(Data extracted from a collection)
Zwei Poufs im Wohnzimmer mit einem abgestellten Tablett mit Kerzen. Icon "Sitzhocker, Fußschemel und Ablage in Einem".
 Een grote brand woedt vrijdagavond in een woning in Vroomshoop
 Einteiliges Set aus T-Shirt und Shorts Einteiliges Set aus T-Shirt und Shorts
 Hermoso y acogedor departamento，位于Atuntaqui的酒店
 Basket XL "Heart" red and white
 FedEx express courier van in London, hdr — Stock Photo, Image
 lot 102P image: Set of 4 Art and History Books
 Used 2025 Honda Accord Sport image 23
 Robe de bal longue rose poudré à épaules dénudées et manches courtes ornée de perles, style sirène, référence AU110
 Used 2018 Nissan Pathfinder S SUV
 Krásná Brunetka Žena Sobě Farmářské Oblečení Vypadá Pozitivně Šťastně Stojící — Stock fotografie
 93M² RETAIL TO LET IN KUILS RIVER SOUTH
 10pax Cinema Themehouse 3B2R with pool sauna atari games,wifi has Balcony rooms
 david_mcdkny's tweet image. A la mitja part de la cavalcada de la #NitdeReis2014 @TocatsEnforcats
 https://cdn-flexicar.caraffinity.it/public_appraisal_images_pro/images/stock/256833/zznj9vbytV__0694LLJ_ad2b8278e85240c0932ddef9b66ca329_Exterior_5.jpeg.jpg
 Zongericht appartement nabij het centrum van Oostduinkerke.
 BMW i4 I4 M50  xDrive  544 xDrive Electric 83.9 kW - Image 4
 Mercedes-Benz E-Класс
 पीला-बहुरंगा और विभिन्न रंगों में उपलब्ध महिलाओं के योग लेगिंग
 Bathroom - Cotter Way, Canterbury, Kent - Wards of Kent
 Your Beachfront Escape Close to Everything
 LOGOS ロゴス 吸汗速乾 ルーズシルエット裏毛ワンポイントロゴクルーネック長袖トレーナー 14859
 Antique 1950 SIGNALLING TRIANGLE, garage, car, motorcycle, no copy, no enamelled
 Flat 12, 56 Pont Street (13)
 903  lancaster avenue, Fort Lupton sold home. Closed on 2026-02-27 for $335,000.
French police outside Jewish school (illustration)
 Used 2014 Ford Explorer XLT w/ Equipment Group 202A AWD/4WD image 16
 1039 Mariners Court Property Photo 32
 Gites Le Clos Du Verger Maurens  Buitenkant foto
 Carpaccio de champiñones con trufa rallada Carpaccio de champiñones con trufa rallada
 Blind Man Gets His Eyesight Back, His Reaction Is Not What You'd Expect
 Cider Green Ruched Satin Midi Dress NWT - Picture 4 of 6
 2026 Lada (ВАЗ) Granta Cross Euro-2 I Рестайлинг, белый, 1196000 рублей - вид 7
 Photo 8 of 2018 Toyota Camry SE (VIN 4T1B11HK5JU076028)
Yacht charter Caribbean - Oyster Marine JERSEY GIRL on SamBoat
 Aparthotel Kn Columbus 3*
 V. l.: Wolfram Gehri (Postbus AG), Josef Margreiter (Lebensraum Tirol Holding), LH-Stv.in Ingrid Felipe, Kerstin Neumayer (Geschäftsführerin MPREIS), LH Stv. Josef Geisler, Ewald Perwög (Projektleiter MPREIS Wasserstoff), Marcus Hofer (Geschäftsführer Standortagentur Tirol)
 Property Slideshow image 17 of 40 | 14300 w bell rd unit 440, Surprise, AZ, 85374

ACTIVITY
Using the entries above, return exactly the lines from the line with "FedEx express courier" to the line with "Mercedes-Benz E-Класс", counting both of those lines.

ANSWER BELOW
 FedEx express courier van in London, hdr — Stock Photo, Image
 lot 102P image: Set of 4 Art and History Books
 Used 2025 Honda Accord Sport image 23
 Robe de bal longue rose poudré à épaules dénudées et manches courtes ornée de perles, style sirène, référence AU110
 Used 2018 Nissan Pathfinder S SUV
 Krásná Brunetka Žena Sobě Farmářské Oblečení Vypadá Pozitivně Šťastně Stojící — Stock fotografie
 93M² RETAIL TO LET IN KUILS RIVER SOUTH
 10pax Cinema Themehouse 3B2R with pool sauna atari games,wifi has Balcony rooms
 david_mcdkny's tweet image. A la mitja part de la cavalcada de la #NitdeReis2014 @TocatsEnforcats
 https://cdn-flexicar.caraffinity.it/public_appraisal_images_pro/images/stock/256833/zznj9vbytV__0694LLJ_ad2b8278e85240c0932ddef9b66ca329_Exterior_5.jpeg.jpg
 Zongericht appartement nabij het centrum van Oostduinkerke.
 BMW i4 I4 M50  xDrive  544 xDrive Electric 83.9 kW - Image 4
 Mercedes-Benz E-Класс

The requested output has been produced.